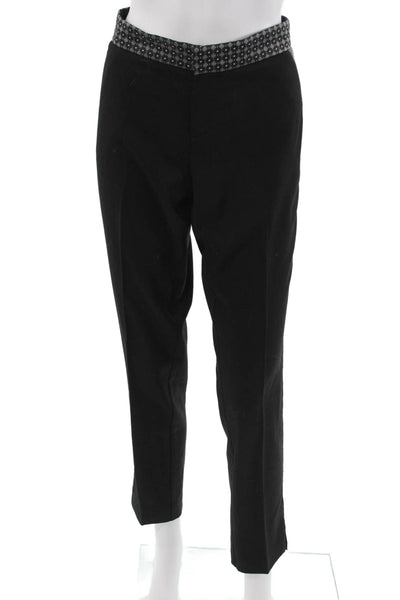 Ecru Womens Ankle Dress Pants Black Classic Solid Size 6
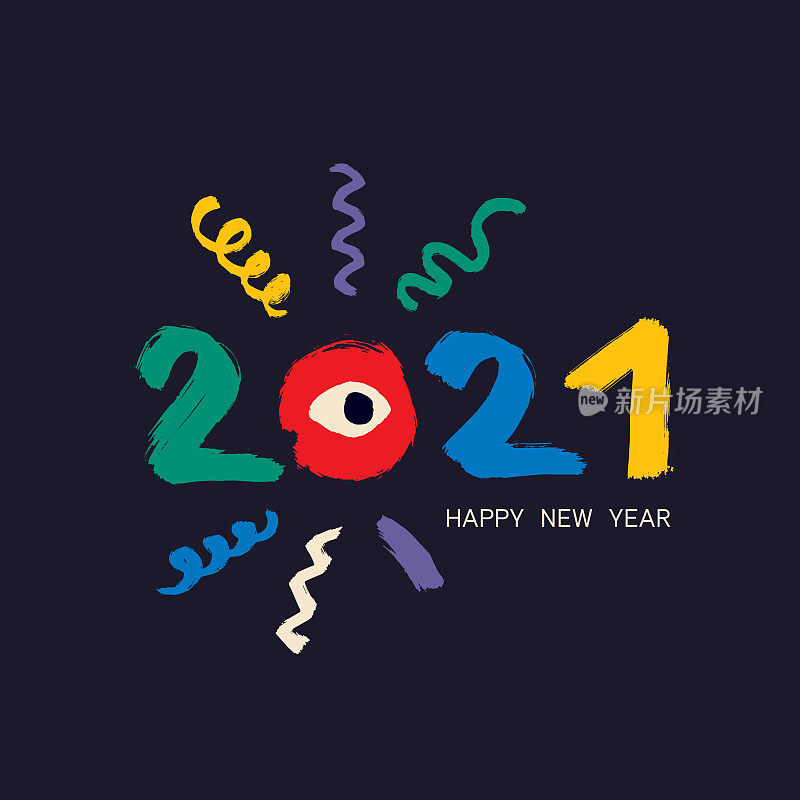 用手绘元素迎接2021年新年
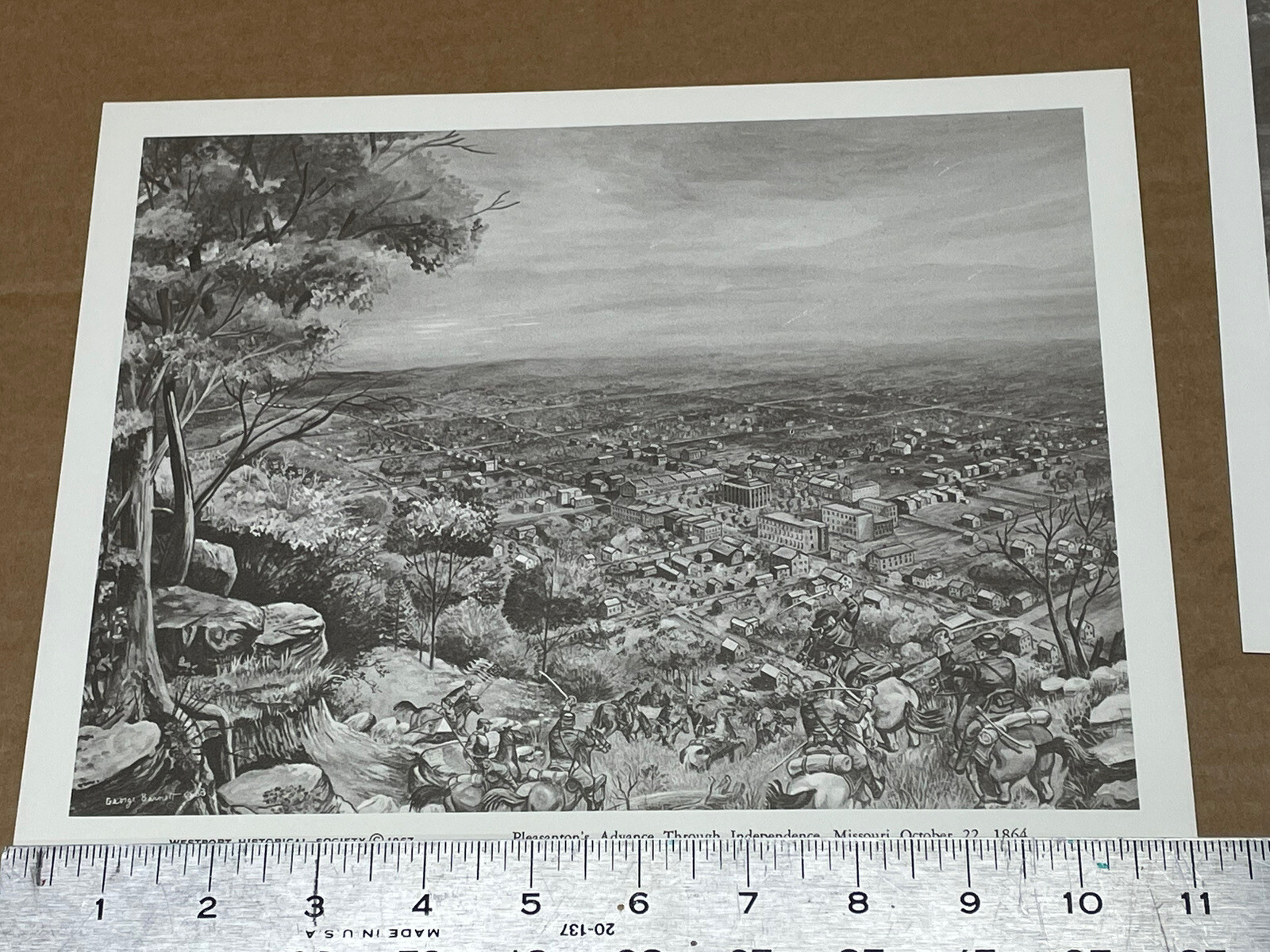 4 Civil War Prints Westport Historical Society Kansas City Missouri Battles RARE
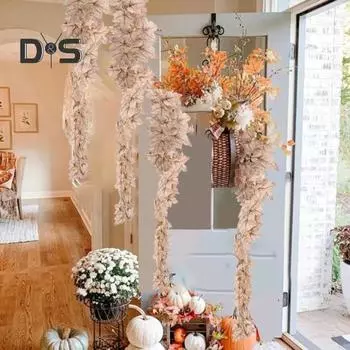 250 см искусственная гирлянда из кленовых листьев для дома и улицы, подвесные искусственные сушеные листья, растения, виноградная лоза, Хэллоуин, осенний урожай, День благодарения, фестиваль, украшение Without Light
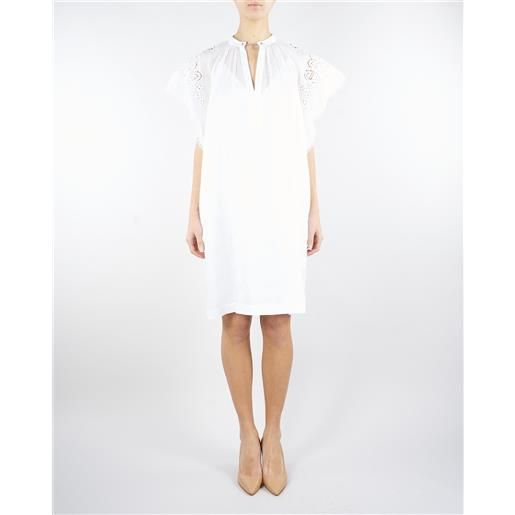 MAX MARA STUDIO minidress bianco in tela ramiè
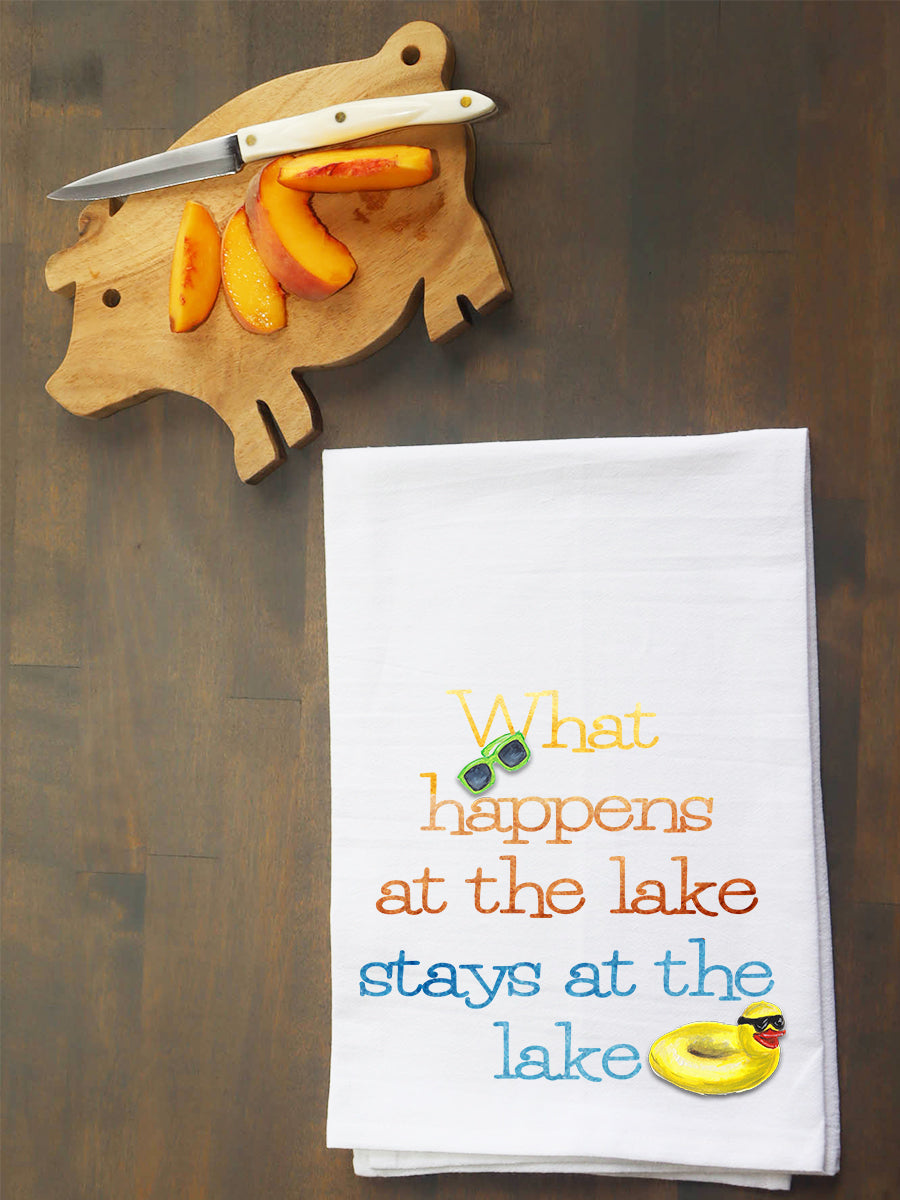 What Happens At The Lake Kitchen Towel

----

Try it: Here the job is to repeat the entries verbatim while leaving all pictures out.

Task answer:
 Ecru Womens Ankle Dress Pants Black Classic Solid Size 6
 用手绘元素迎接2021年新年
 4 Civil War Prints Westport Historical Society Kansas City Missouri Battles RARE
 250 см искусственная гирлянда из кленовых листьев для дома и улицы, подвесные искусственные сушеные листья, растения, виноградная лоза, Хэллоуин, осенний урожай, День благодарения, фестиваль, украшение Without Light
 MAX MARA STUDIO minidress bianco in tela ramiè
 What Happens At The Lake Kitchen Towel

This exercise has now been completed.